While we welcome the announcement by the Australian federal police on 9 September that it is opening a criminal investigation, we are worried about the statements made by certain Australian officials in response to the Indonesian government’s reactions.
The hostility expressed by Indonesia President Susilo Bambamg Yudhoyono and foreign minister Hassan Wirajuda as regards any cooperation with the Australian police’s new investigation is contrary to international justice and the obligation to combat impunity.
We urge you to find the political, diplomatic and judicial means to bring the perpetrators and instigators of this multiple murder to justice. It is of course important to maintain good relations with neighbouring countries, but the need for justice must prevail. And we are convinced that you will find support in Indonesia for the requirement that the truth be known and justice rendered.

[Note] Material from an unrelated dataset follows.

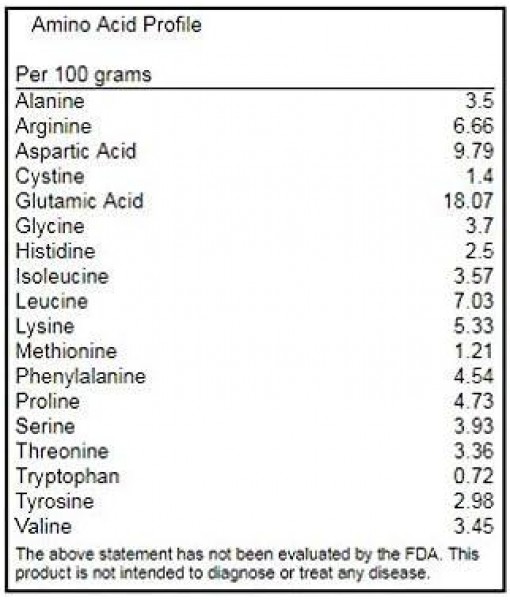 True Nutrition Soy Protein Isolate – Non-GMO (Chocolate 1lb.)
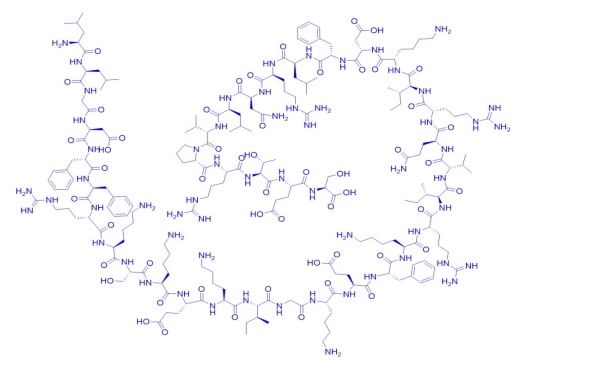 Latest Research Insights on Antimicrobial Peptide LL-37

Some of the authorities in Jakarta have constantly treated the Australian investigation into the Balibo murders with contempt. But the impunity enjoyed by certain Indonesian soldiers and paramilitaries is an insult to the victims and their families.
On 16 November 2007, New South Wales coroner Dorelle Pinch issued the conclusions of her inquest into the deaths of British cameraman Brian Peters, British reporter Malcolm Rennie, Australian reporter Greg Shackelton, Australian soundman Tony Stewart and New Zealander cameraman Gary Cunningham on 16 October 1975 in Balibo.
Two other foreign journalists, Australian Roger East and Dutchman Sander Thoenes, were killed later in East Timor.
The very detailed inquest clearly showed that Indonesian army officers committed war crimes. In particular, it established the involvement of special forces officers Yunus Yosfiah and Christoforus da Silva, and the head of the Indonesian special forces, Maj. Gen. Benny Murdani.
More than two years ago, on 6 June 2007, Reporters Without Borders asked the Australian government to do everything possible to ensure that those responsible for these murders were brought to justice.
We urge you, Prime Minister, not to yield to Indonesian diplomatic blackmail, which for too long has resulted in your country remaining silent on this matter.
We trust you will live up to our expectations.